Thursday, February 19, 2009

Moving Classes and Media Overload

Today began a new experience for me in the Arabic course here. For the past seven months that Susan and I have been navigating the world of DLI Arabic, we have done so from separate classrooms. She was always in the section next door, and I'd only see her during our ten minute breaks between class hours. Yesterday, however, our teaching team leader approached me to ask if I could switch into the other section, thus putting the top four students in our class into one room all day. From an academic perspective I was really excited by this opportunity.
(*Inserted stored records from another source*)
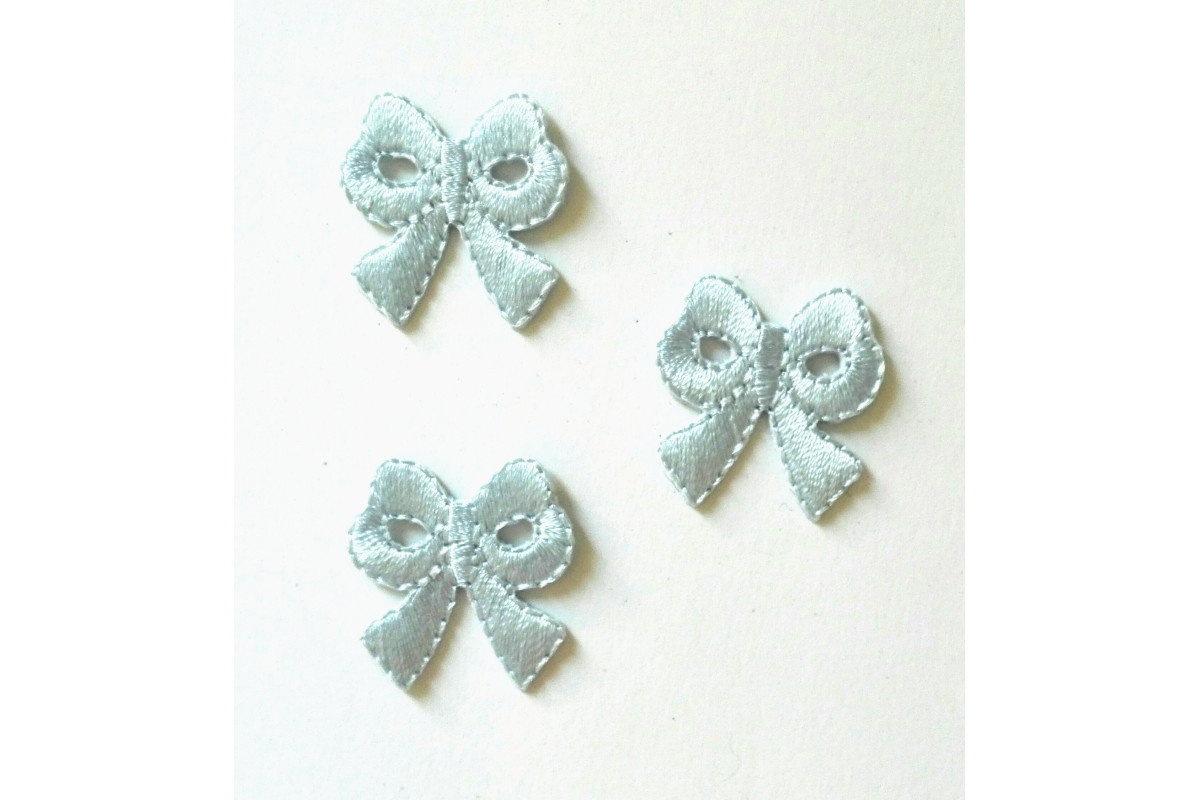 Iron-On Embroidery Sticker - Light Blue Bow Iron-On Embroidery Sticker - Light Blue Bow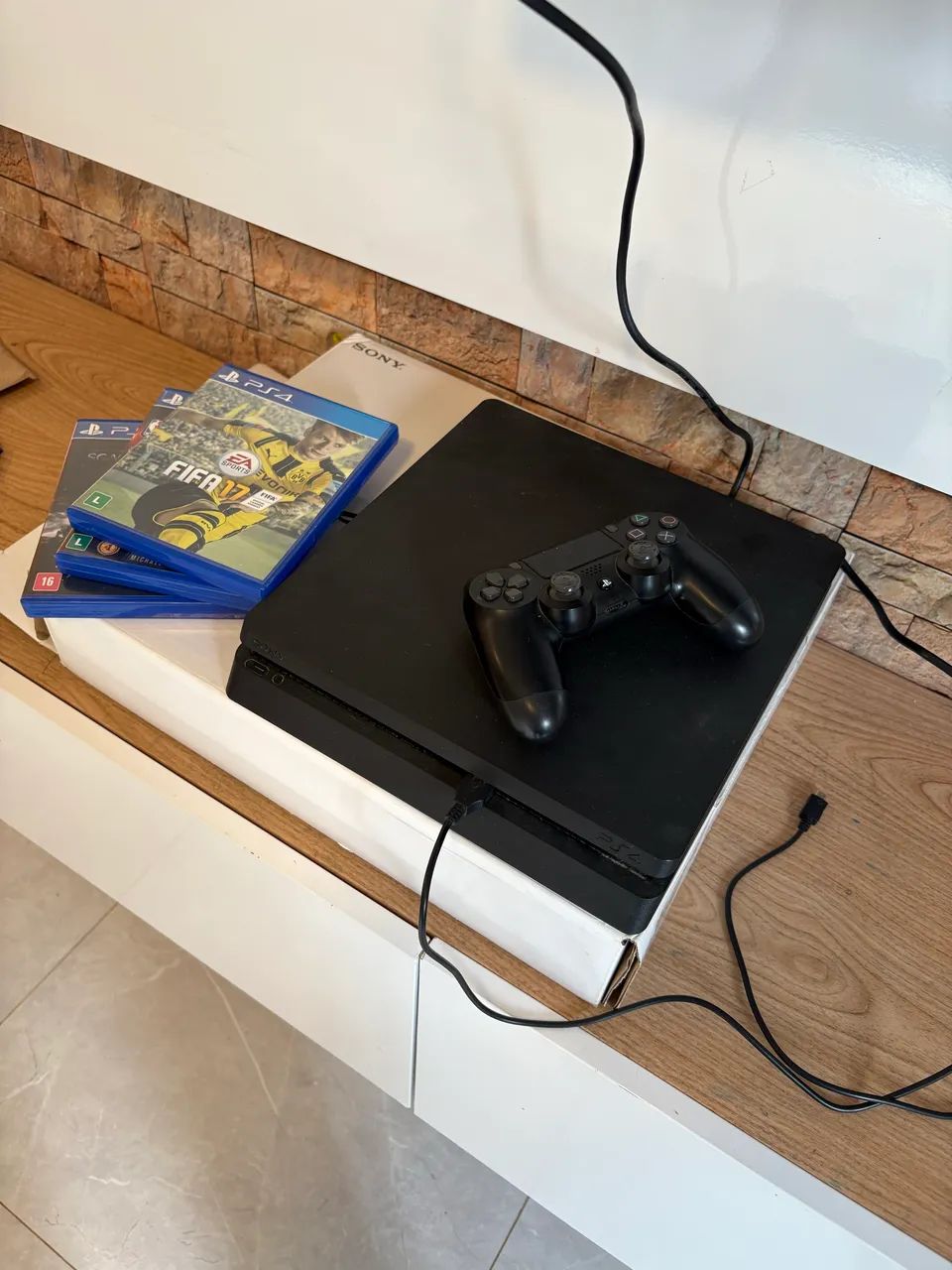 Ps 4 - com 3 jogos  - Foto 2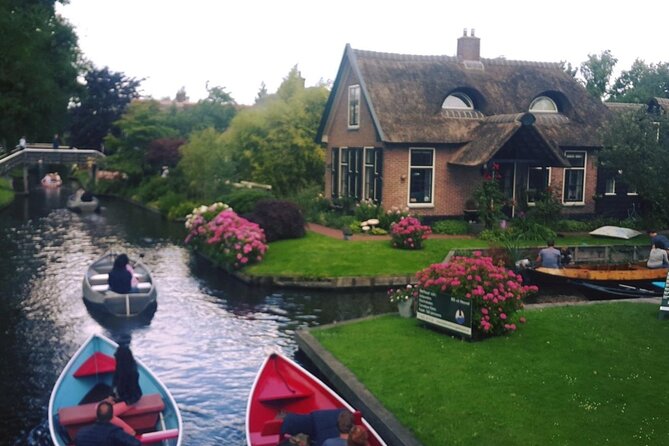 Giethoorn Small Group Tour - Booking Information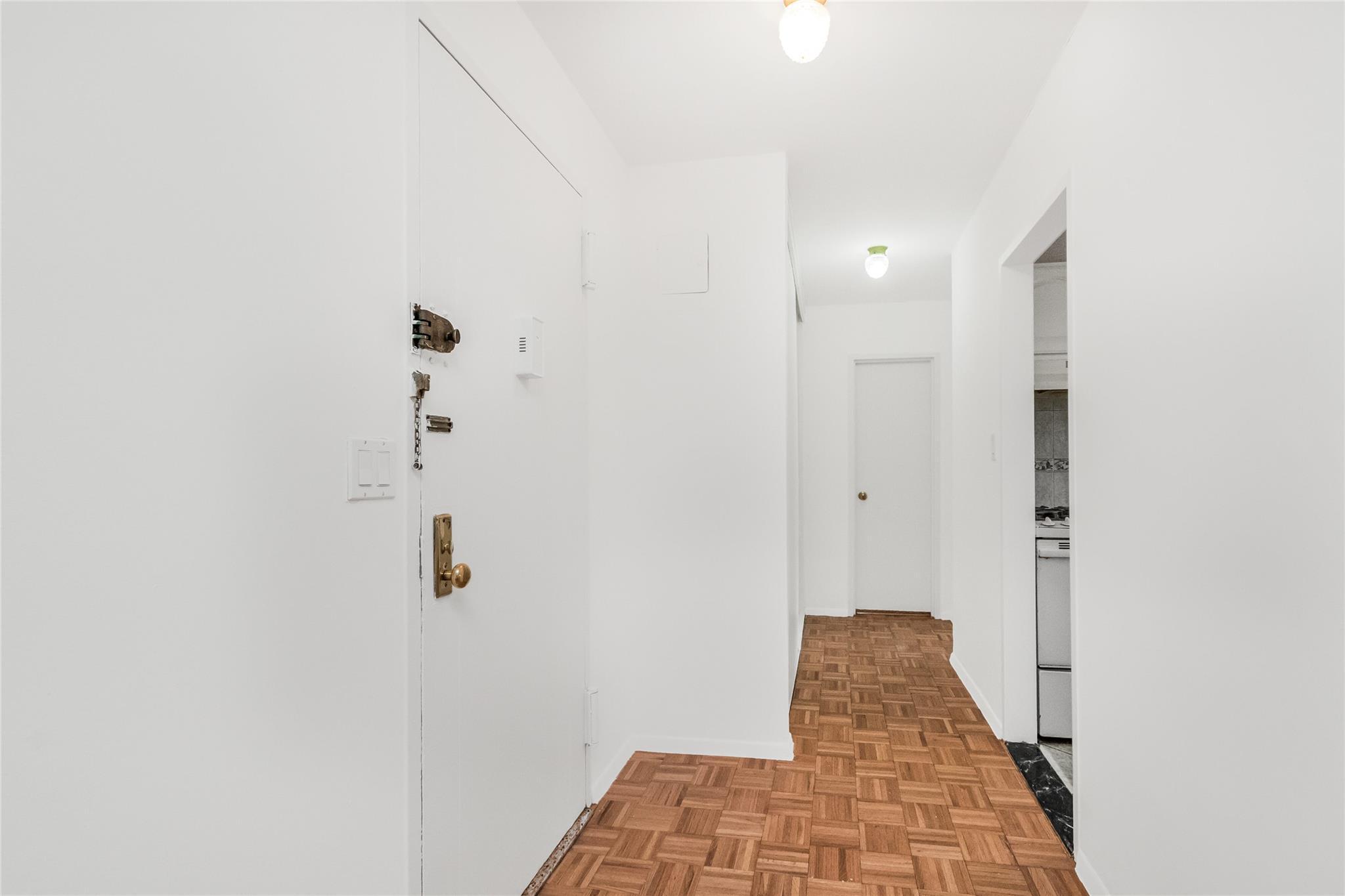 Coop Irwin  Bronx, NY 10463, MLS-817948-12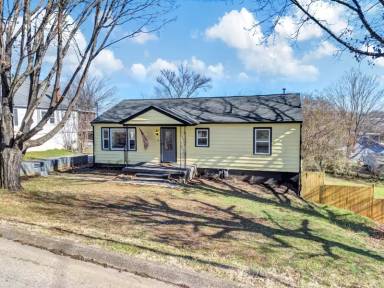 Main picture of 2113 Thomas Ave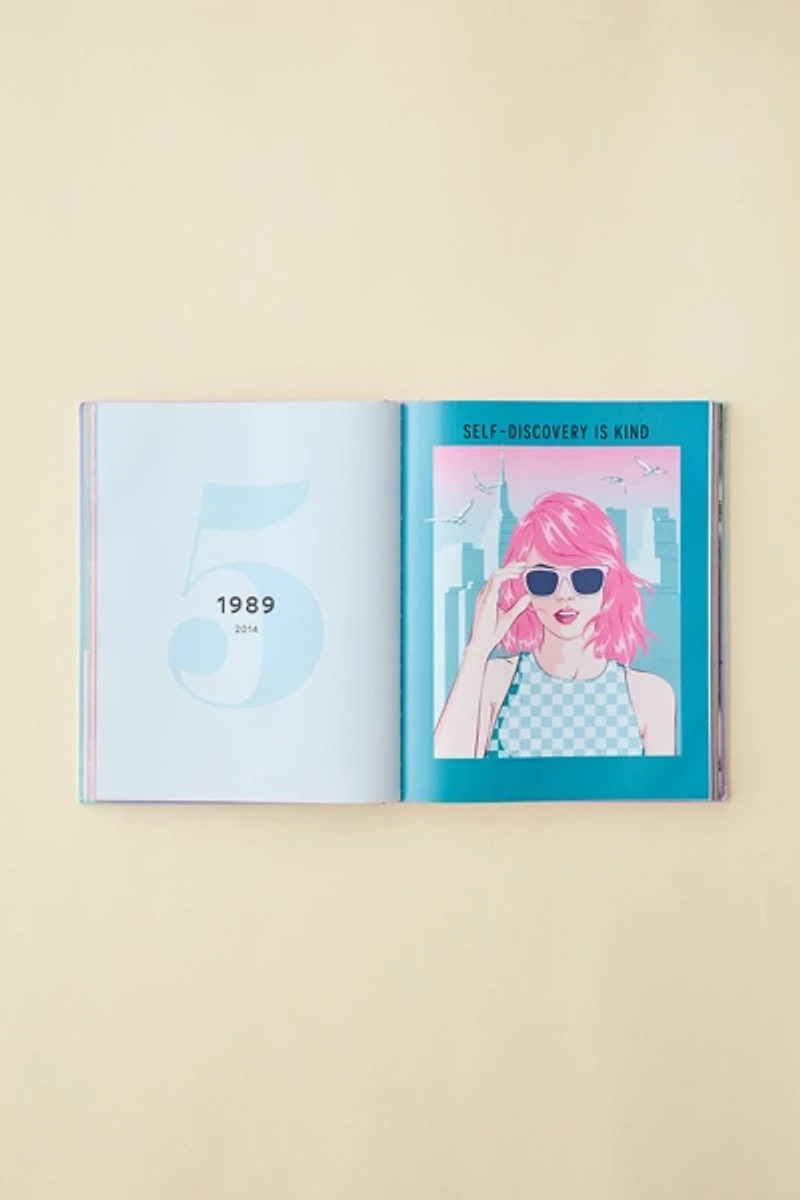 Taylor Swift Chronicles By Lindsey Smith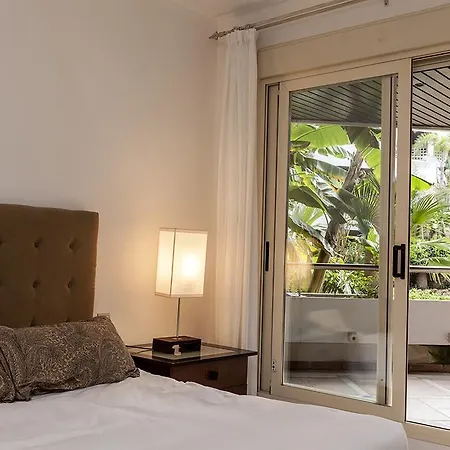 Fuente Aloha Apartment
The students in the other section would be able to challenge me, forcing me to improve my Arabic at a faster rate (granted, that faster pace scared me at the same time). I was also very leery of being in the same room as my wife all day long. I love her completely, but with both of us being very competitive, I was apprehensive about the constant proximity.

Well, it didn't take long for us to realize the difficulties of this new arrangement: just one day together. We recently began using the first hour of each morning to listen to media Arabic - usually the Al-Jazeera evening broadcast. While this practice certainly necessary, it also tiring! Twenty minutes of Arabic news doesn't sound like much, but the mental concentration that it requires is staggering. In that amount of time we get 6 to 7 different stories, but I have the mental stamina for about three. There's a definite difference in the quantity and quality of the notes that I take during the first three stories as opposed to the later ones.

So, after a tough hour of trying to listen to lots of media Arabic, my brain and motivation were both shot. The next hour, my attitude got the better of me and I shut down. Of course, my wife, for all her protests to the contrary, was still plugging along, dutifully understanding her Arabic. In the past, while I knew her skill to be superior to mine, the knowledge was very conceptual; she was in the other room. Now that I'm sitting just a few feet away from her, it has a much different feel to it. I'm extremely proud of her, but intimidated at the same time. At the break, I ignored her, rather than rushing to see her, as was my norm. Suffice it to say, being in the same classroom as my wife all day, then seeing her at home all night, has added a new wrinkle to both learning Arabic and our relationship.